I start by using the default parameters.
I use only the operators I think it needs and no more.
Increase populations to 3*num_cores.
If my dataset is more than 1000 points, I either subsample it (low-dimensional and not much noise) or set batching=True (high-dimensional or very noisy, so it needs to evaluate on all the data).
While on a laptop or single node machine, you might leave the default ncycles_per_iteration, on a cluster with ~100 cores I like to set ncycles_per_iteration to maybe 5000 or so, until the head node occupation is under 10%. (A larger value means the workers talk less frequently to eachother, which is useful when you have many workers!)
Set constraints and nested_constraints as strict as possible. These can help quite a bit with exploration.
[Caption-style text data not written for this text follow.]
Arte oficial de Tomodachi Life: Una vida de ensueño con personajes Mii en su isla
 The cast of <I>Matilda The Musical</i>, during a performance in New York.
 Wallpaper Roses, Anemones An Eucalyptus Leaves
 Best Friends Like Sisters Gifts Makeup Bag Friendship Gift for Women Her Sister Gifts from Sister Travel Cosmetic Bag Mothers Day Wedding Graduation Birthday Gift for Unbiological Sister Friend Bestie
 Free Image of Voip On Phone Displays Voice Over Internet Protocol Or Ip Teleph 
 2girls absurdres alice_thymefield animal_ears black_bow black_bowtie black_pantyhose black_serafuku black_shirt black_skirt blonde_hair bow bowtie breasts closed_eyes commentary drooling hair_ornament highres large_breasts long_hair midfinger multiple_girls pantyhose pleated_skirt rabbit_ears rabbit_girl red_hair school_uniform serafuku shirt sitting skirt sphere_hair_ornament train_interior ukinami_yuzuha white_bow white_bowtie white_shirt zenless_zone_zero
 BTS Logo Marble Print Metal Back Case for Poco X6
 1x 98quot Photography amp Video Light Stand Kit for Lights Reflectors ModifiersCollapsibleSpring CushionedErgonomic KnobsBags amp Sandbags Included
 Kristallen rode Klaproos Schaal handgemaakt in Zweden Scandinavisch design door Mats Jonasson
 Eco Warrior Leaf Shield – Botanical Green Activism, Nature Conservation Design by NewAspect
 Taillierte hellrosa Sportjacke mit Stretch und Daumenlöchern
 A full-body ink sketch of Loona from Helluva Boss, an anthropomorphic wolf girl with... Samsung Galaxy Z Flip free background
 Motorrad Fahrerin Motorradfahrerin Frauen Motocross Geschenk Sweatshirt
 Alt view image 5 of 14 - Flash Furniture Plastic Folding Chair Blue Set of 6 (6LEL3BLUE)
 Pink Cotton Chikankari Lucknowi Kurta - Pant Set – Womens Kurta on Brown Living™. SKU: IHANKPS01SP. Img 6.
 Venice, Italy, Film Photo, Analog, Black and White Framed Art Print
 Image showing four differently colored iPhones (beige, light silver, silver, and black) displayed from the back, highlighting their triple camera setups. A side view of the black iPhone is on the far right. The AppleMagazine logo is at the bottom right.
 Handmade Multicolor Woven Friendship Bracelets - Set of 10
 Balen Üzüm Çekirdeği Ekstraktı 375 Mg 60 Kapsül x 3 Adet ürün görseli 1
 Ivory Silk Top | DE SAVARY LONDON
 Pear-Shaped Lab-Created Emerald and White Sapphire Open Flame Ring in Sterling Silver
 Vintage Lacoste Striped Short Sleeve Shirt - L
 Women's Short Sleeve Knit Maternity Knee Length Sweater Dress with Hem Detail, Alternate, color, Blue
Typically, if I am using pow, I would set constraints={"pow": (9, 1)}, so that power laws can only have a variable or constant as their exponent. If I am using sin and cos, I also like to set nested_constraints={"sin": {"sin": 0, "cos": 0}, "cos": {"sin": 0, "cos": 0}}, so that sin and cos can't be nested, which seems to happen frequently. (Although in practice I would just use sin, since the search could always add a phase offset!)
Set maxsize a bit larger than the final size you want. e.g., if you want a final equation of size 30, you might set this to 35, so that it has a bit of room to explore.
I typically don't use maxdepth, but if I do, I set it strictly, while also leaving a bit of room for exploration. e.g., if you want a final equation limited to a depth of 5, you might set this to 6 or 7, so that it has a bit of room to explore.
Set parsimony equal to about the minimum loss you would expect, divided by 5-10. e.g., if you expect the final equation to have a loss of 0.001, you might set parsimony=0.0001.
Set weight_optimize to some larger value, maybe 0.001. This is very important if ncycles_per_iteration is large, so that optimization happens more frequently.
Set turbo to True. This turns on advanced loop vectorization, but is still quite experimental. It should give you a nice 20% or more speedup.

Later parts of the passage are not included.